TRY IT: Starting at the line that contains "100 Sheets A4", transcribe each line exactly through the end of the data below, and skip any pictures.

SUPPLIED DATA:

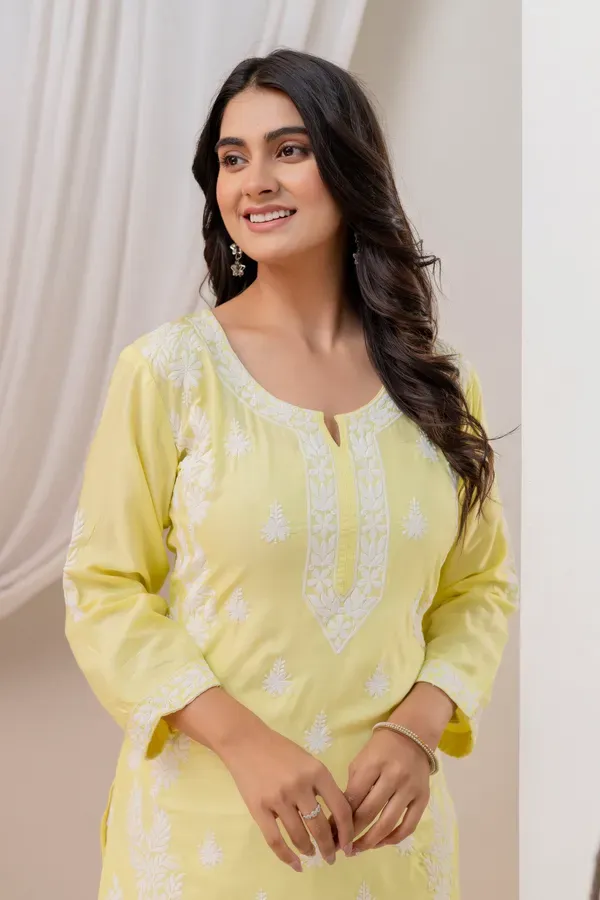 Light_Lemon_Women_Embroidered_Chikankari_Modal_Kurta_Set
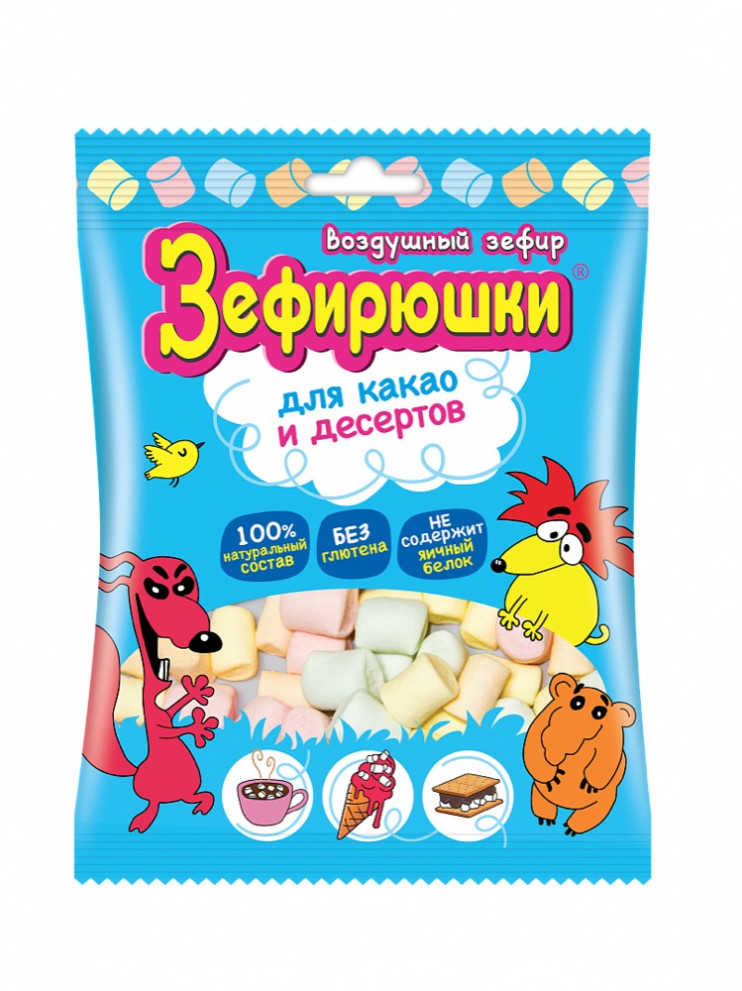 Сладкая Сказка Воздушный зефир ЗЕФИРЮШКИ цвет.мини 40 г для какао и десертов (24) (ZF-10-14)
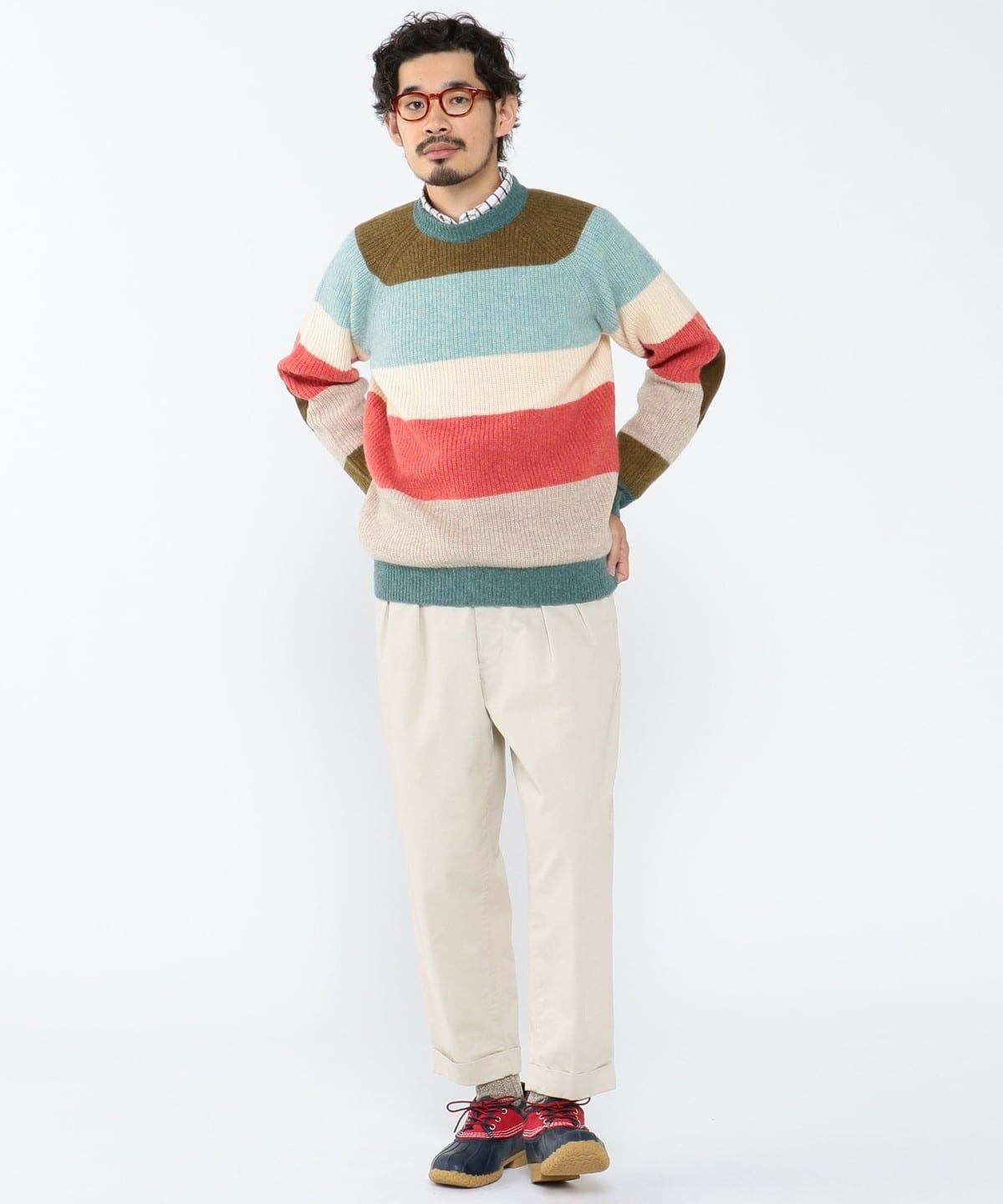 Beams Plus Crew Multi Stripe 5G | thegoodlife. UAE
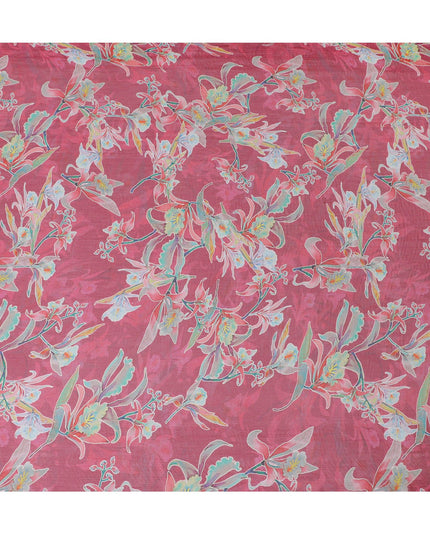 قماش شيفون حريري نقي فاخر وردي أرجواني مع طباعة متعددة الألوان بتصميم زهور-D17001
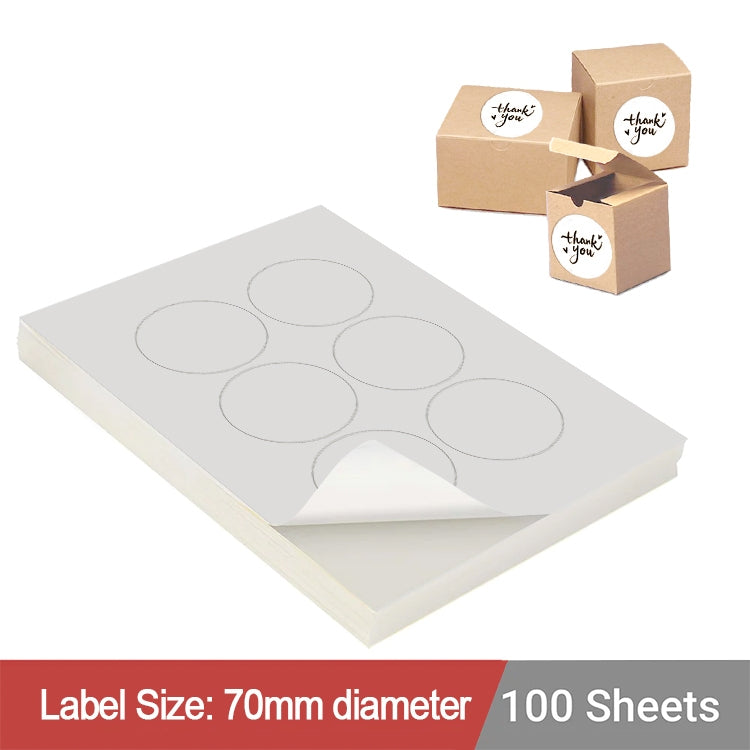 100 Sheets A4 White Self Adhesive Paper Laser Inkjet Sticker Labels 70mm Round - 6 Labels Per Sheet
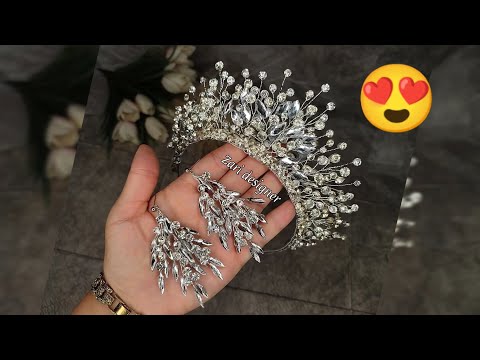 كيف تصنع تاج عروس عربي بجوهرة سهلة وجميلة للغاية اربح أموالا طائلة من صنع التيجان العربية 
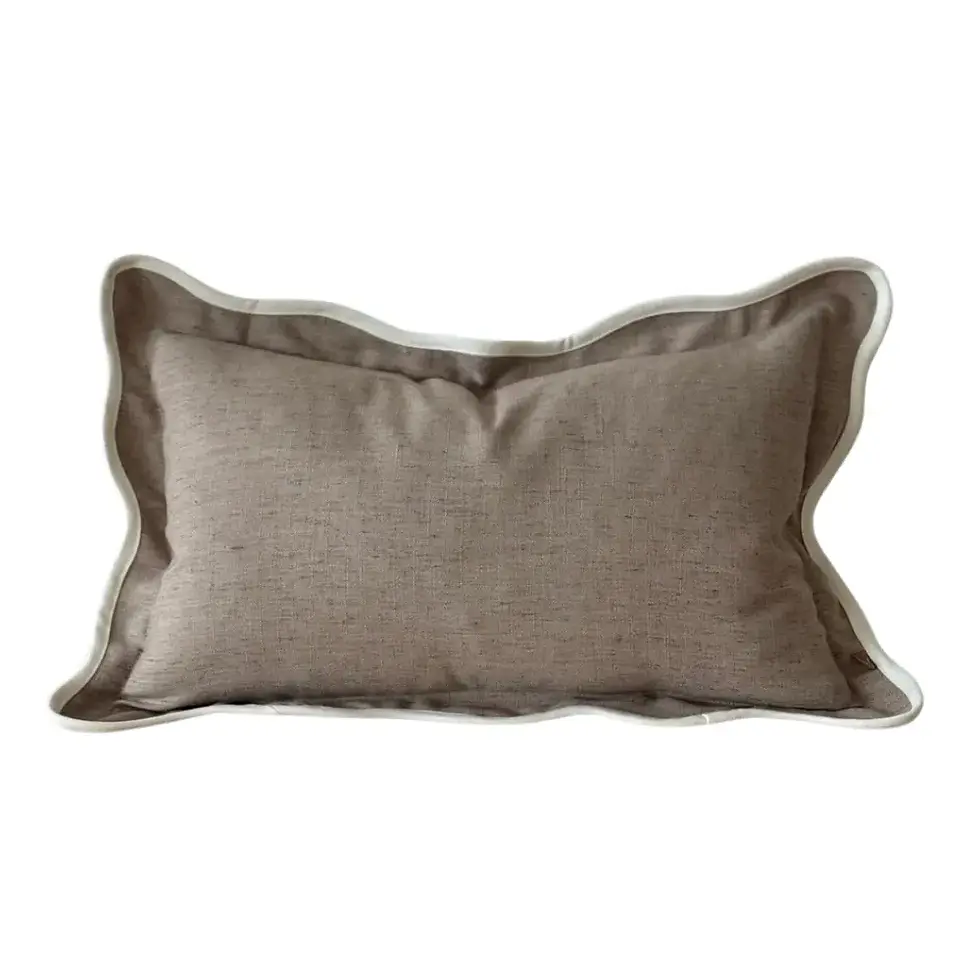 Thumbnail: Alice Greige Scallop Edge Cushion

SOLUTION:
 100 Sheets A4 White Self Adhesive Paper Laser Inkjet Sticker Labels 70mm Round - 6 Labels Per Sheet
 كيف تصنع تاج عروس عربي بجوهرة سهلة وجميلة للغاية اربح أموالا طائلة من صنع التيجان العربية 
 Thumbnail: Alice Greige Scallop Edge Cushion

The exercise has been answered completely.